*** Supplied data
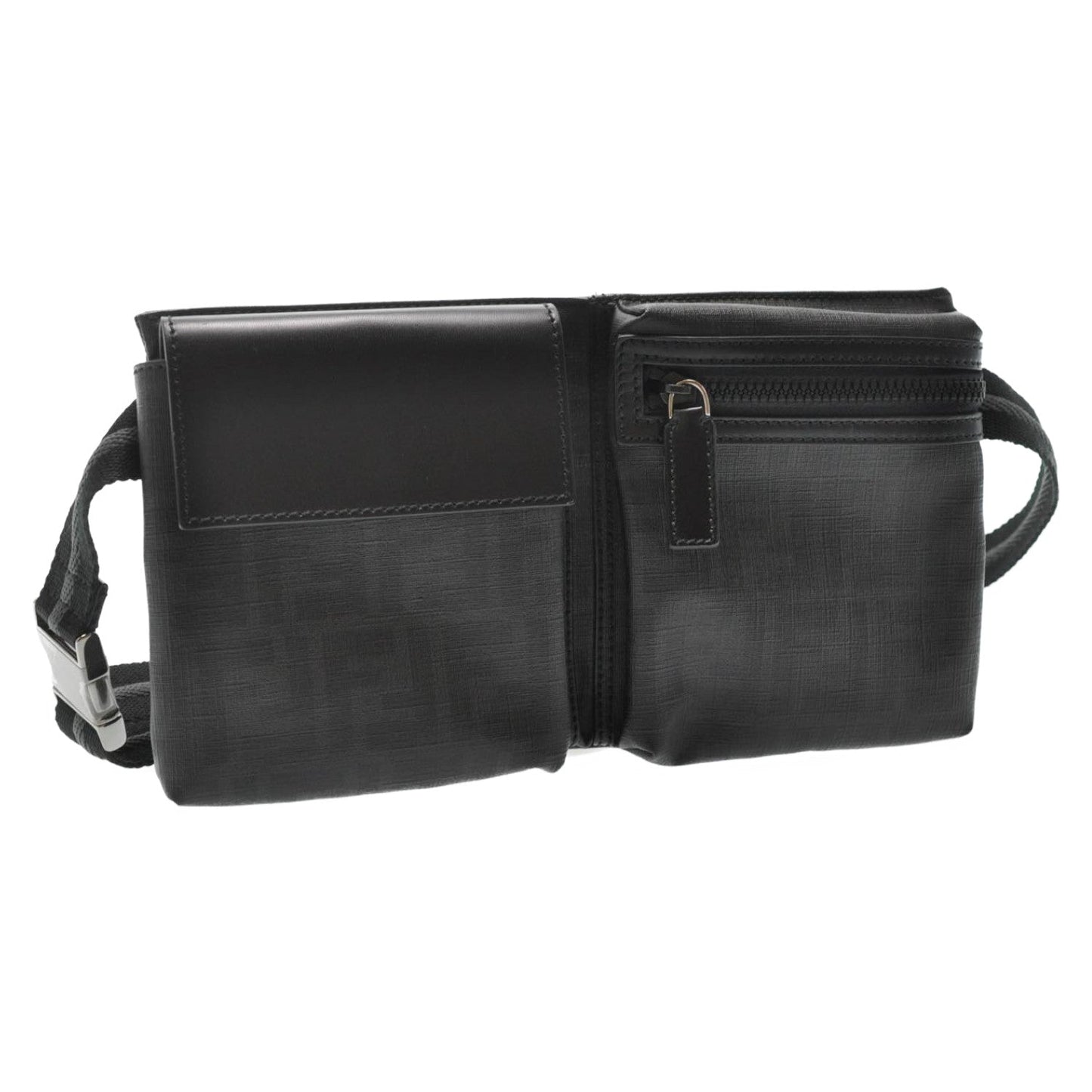 FENDI Zucca Leather Waist Bag Leather Black am1321s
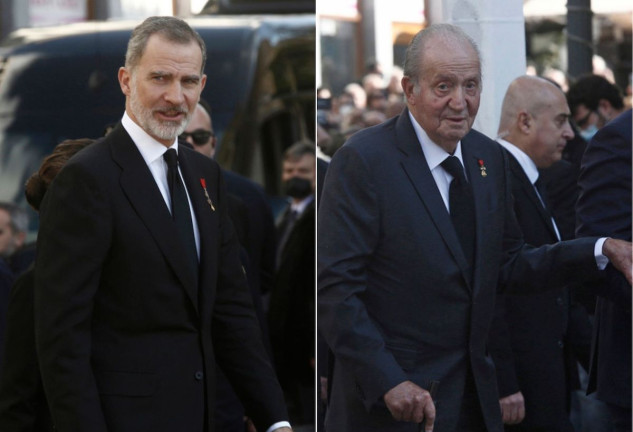 El rey Felipe VI y su padre, el rey Juan Carlos, en un montaje.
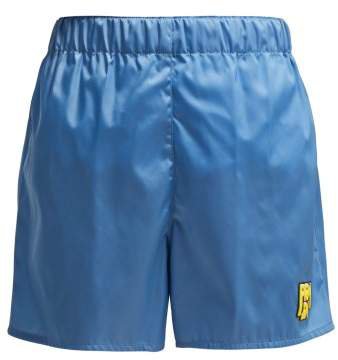 Logo Patch Nylon Shorts - Womens - Light Blue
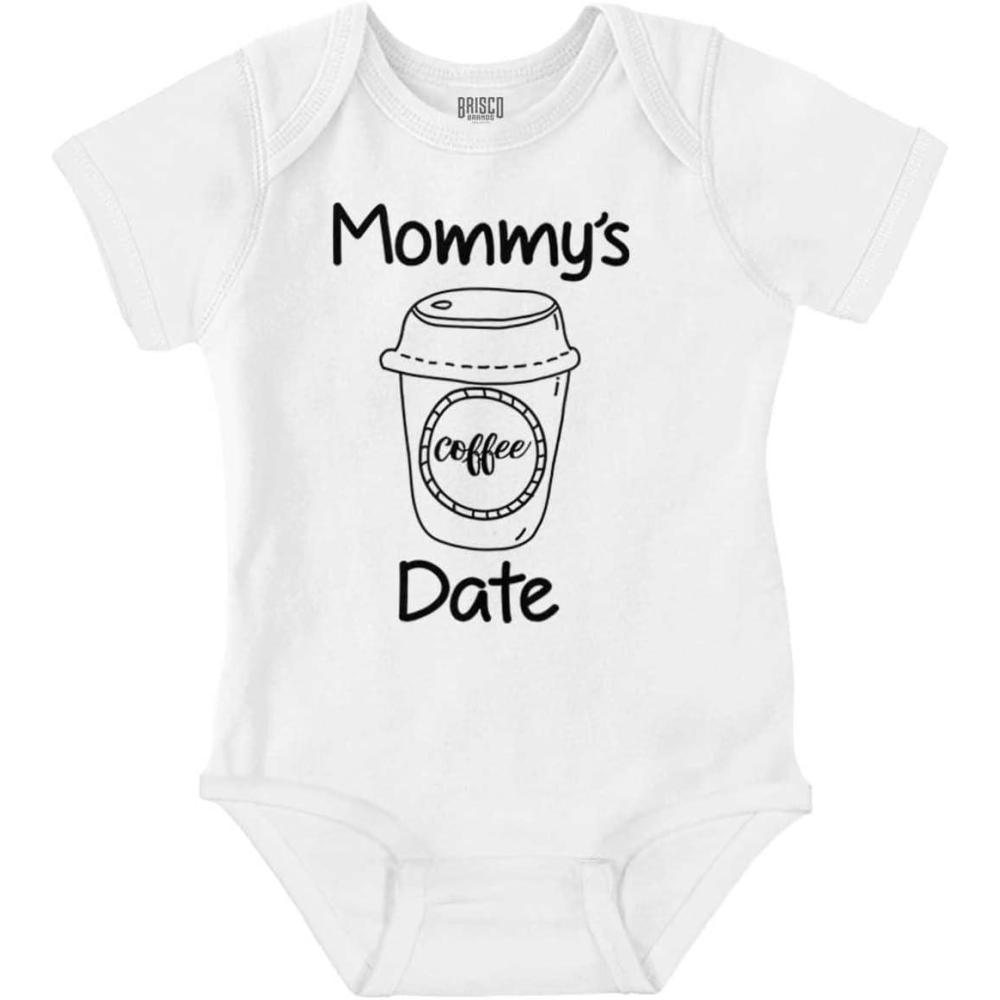imageBrisco Brands Mommys Coffee Date Cute Adorable Baby Romper Boys or GirlsWhite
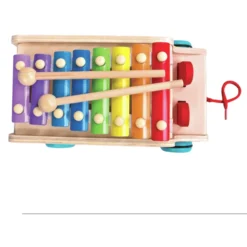 Bino Houten Plug-in Auto Met Xylofoon -Kinderspeelgoed bino houten plug in auto met xylofoon a246005 4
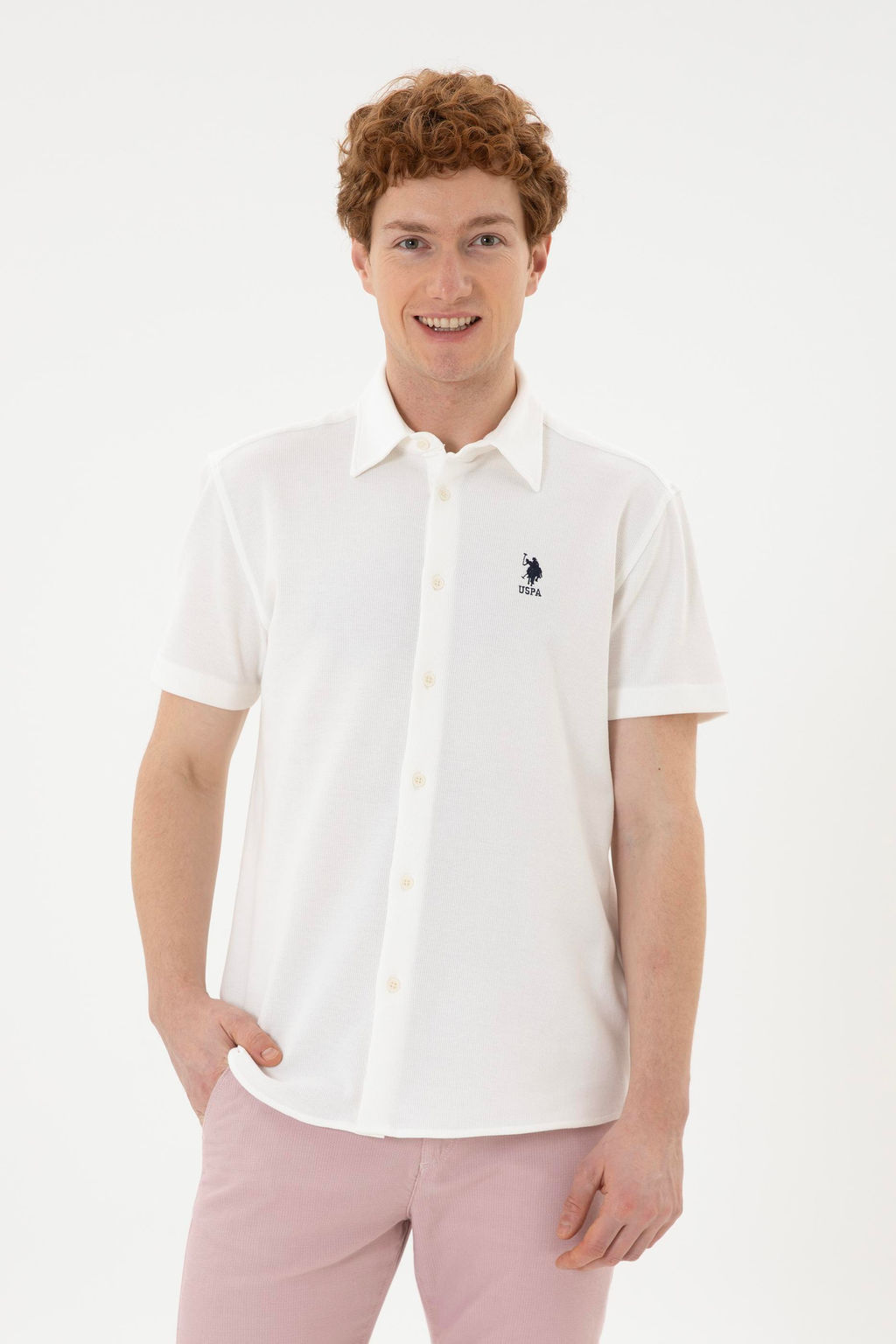 Мужская рубашка с коротким рукавом цвета экрю - U.s. polo assn фото 8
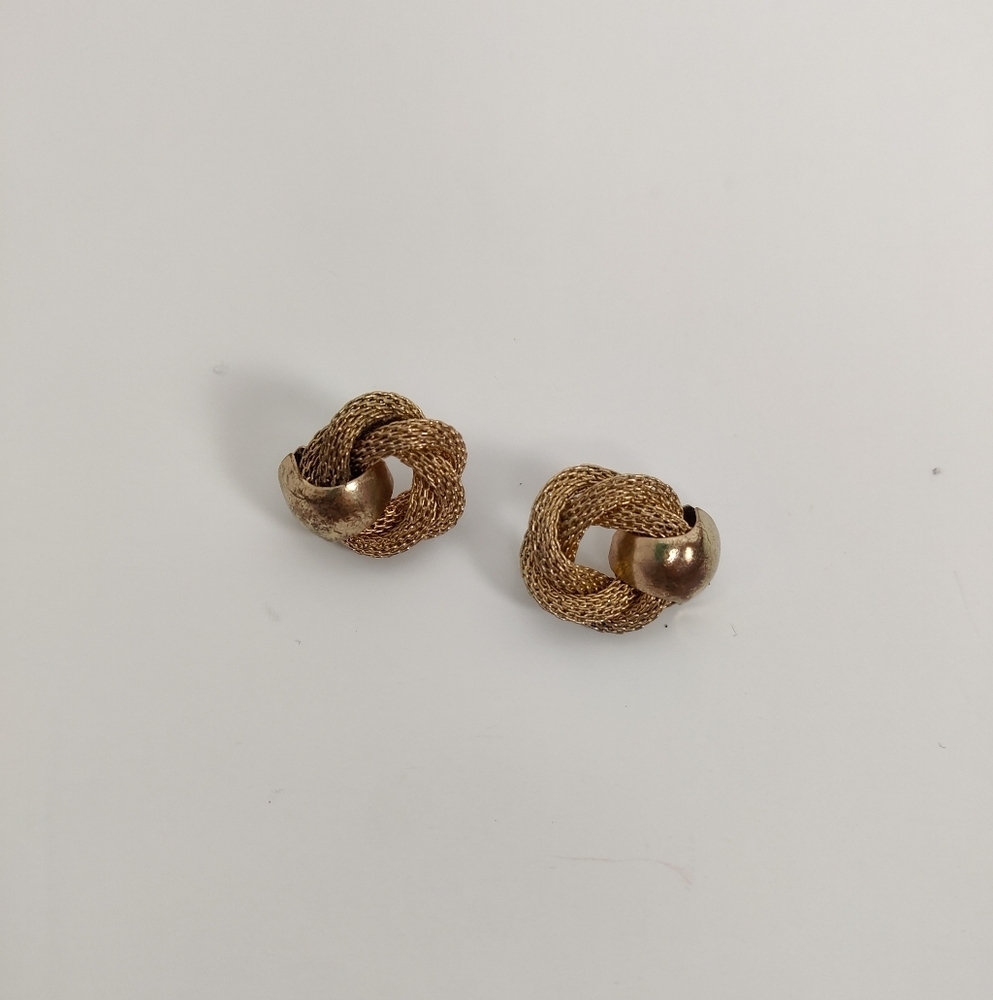 Elegant Gold-Tone Rope Knot Stud Earrings
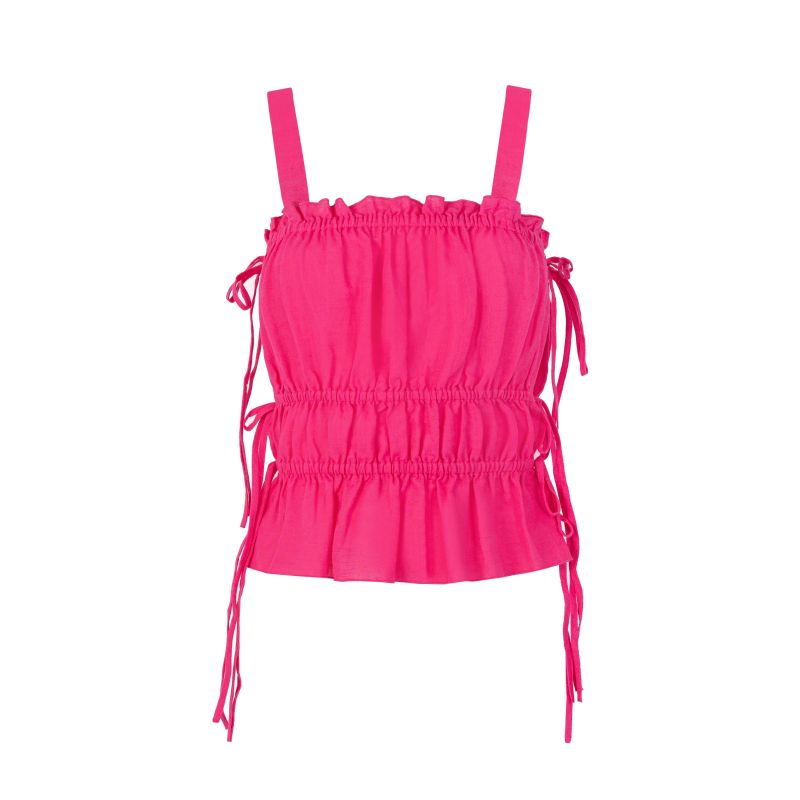 Tie-Detailed Top In Hot Pink image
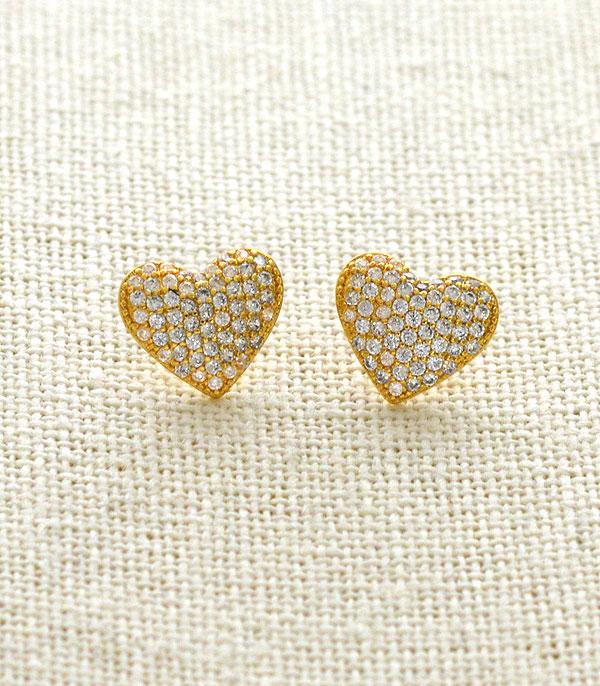 <font color=black>SALE ITEMS</font> :: JEWELRY :: Earrings :: Wholesale Rhinestone Pave Heart Stud Earrings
******
**Brief**: Could you retype exactly the lines running from the one with "Logo Patch Nylon" to the end of the material above, pictures omitted?

**Answer**:
 Logo Patch Nylon Shorts - Womens - Light Blue
imageBrisco Brands Mommys Coffee Date Cute Adorable Baby Romper Boys or GirlsWhite
 Bino Houten Plug-in Auto Met Xylofoon -Kinderspeelgoed bino houten plug in auto met xylofoon a246005 4
 Мужская рубашка с коротким рукавом цвета экрю - U.s. polo assn фото 8
 Elegant Gold-Tone Rope Knot Stud Earrings
 Tie-Detailed Top In Hot Pink image
 <font color=black>SALE ITEMS</font> :: JEWELRY :: Earrings :: Wholesale Rhinestone Pave Heart Stud Earrings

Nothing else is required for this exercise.